WP: By building the numbers they have, the Soviets have led analysts in this country to suggest the possibility that their ICBMs may have the power to make a first strike. In other words, that our ICBM force will be vulnerable to theirs in the early 1980s. That possibility, as you know, has been discussed for a long time—but my impression is that this administration is the first to take it seriously.

PW: Oh, I disagree with that. The possibility was taken seriously back in the 1950s—so much so that it led us to develop the Polaris submarine. The only reason for that was our fears about the potential vulnerability of any fixed target. When I came to work in the Pentagon in the late 1960s, I found that the entire concept of Minuteman vulnerability was already being discussed. As a matter of fact, in the late 1960s some people suggested that we ought to phase out the land-based force. Being potentially or theoretically vulnerable it might present an “attractive nuisance,” and therefore increase the risk of nuclear war.

WP: Now the Carter administration’s position is to accept that the land-based missile force is becoming vulnerable. How do you view this? Is it a political mistake?

PW: Well, as for its being a political mistake, of course you’re going to get different opinions depending upon whether you feel an invulnerable ICBM force is both a military necessity and a technical possibility. I don’t think that it’s a military necessity, because I think that the vulnerability is theoretical. Any attack that tries to knock out just that one part of our deterrent triad—the land-based ICBMs—would leave the attacker exposed to retaliation from our other two forces—our nuclear submarines and bombers—just as surely as if we had one invulnerable force.

WP: But when President Carter and Secretary Brown accept vulnerability, they connect it with what they claim is a need to make our ICBM force invulnerable.

PW: The mistake is to assume that somehow you have to make the ICBM force invulnerable, otherwise your deterrent is threatened.

WP: Is that mistake compounded when the administration not only tries to make its ICBM force invulnerable but also tries to build up our forces so that the Soviets will be vulnerable at some later date?

PW: Yes, I think that both are a mistake. The argument that we’ve got to have a “counterforce capability” to destroy Soviet launchers is, in my opinion, incompatible with sound strategic doctrine. What it does is to accept the argument of the critics of arms control that somehow the only good warheads in a retaliatory force are those on your ICBM force. The submarine warheads are claimed to be not as accurate—somehow they won’t do the job that’s to be done, and the strategic bomber force is said to be slow. Somehow our really very effective triad is portrayed as inadequate to balance the Soviet ICBM force. Now that logic seems to imply that we made a mistake in diversifying our forces as evenly as we have. So I find that the position of some people is inherently contradictory. They say that the only really good warheads are the ICBM warheads. But, of course, they claim ICBMs are so vulnerable.

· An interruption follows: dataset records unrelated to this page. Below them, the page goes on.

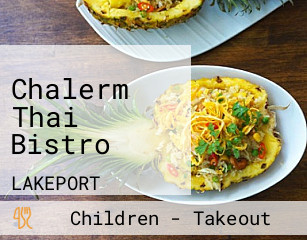 Chalerm Thai Bistro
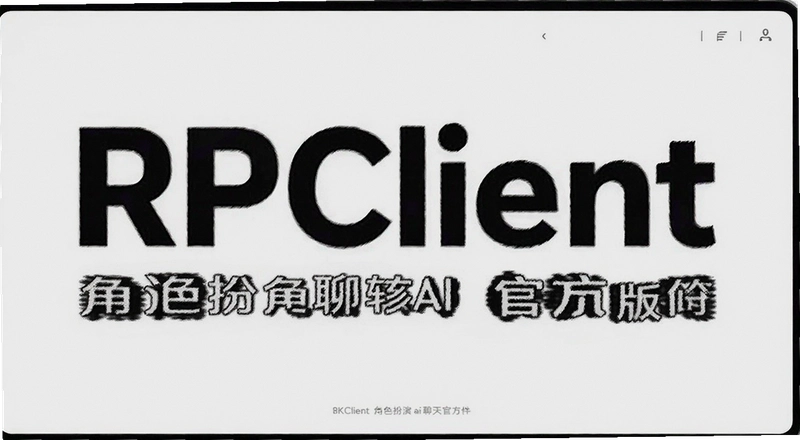 RPClient��ɫ����ai���������ʴ���ô���ذ�װ������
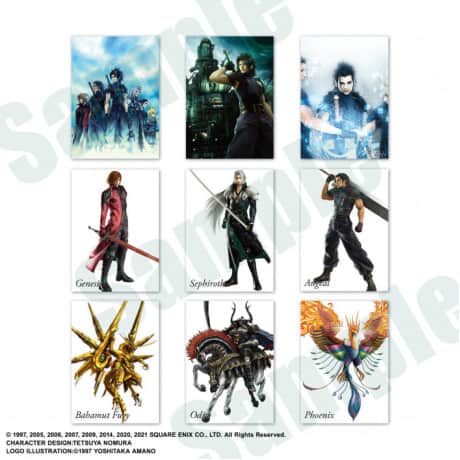 Final Fantasy Vii Anniversary Art Museum Digital Card Plus 20 Pack Display 102927 17250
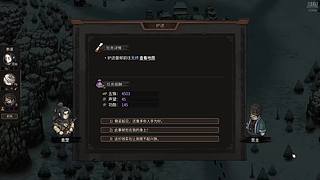 随便玩玩看看！！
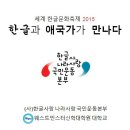 (주)아바커뮤니케이션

WP: Why don’t we do away with ICBMs on land?

PW: This has been talked about but it makes no sense. First of all, the vulnerability of Minuteman is, as I’ve said, theoretical. It is not real. Secondly, by having an ICBM force in existence you certainly complicate any Soviet attempt to plan a first strike attack. A pre-emptive attack against an ICBM force would partially disarm the attacker. In order to get rid of our land-based force or to have any theoretical chance of getting rid of that land-based force, the attacker has to use up a very substantial part of his missiles. And, therefore, in the strategic balance that’s left, our remaining ICBMs, our submarine force, and our strategic bomber force are more effective than his residual force.

WP: Then why do we have to make large numbers of our land-based ICBMs invulnerable—as administration planners now seek to do?

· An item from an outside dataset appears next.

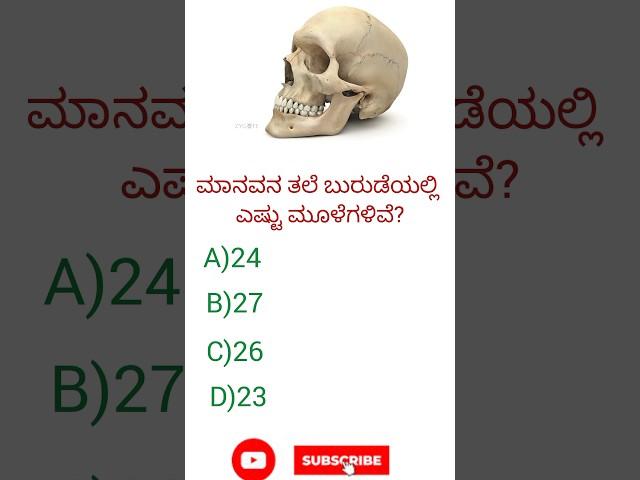 General knowledge/Kannada quiz/gk question and answers/trending quiz/ #yt shorts #shorts #subscribe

PW: I have no such fear myself. Diversifying our forces so that we have one third on the sea, one third on land, one third in the air was the sensible decision. It did and does protect strategic stability. And I think we’re unnecessarily concerned now about the inevitably increasing theoretical vulnerability of any fixed target. As accuracy improves, it’s clear that any fixed target becomes more vulnerable than it was before.

WP: The government is now discussing different plans to make our land-based systems mobile—shifting them about from hole to hole or carrying them in trucks, or planes. What response do you think the Soviets will make to that?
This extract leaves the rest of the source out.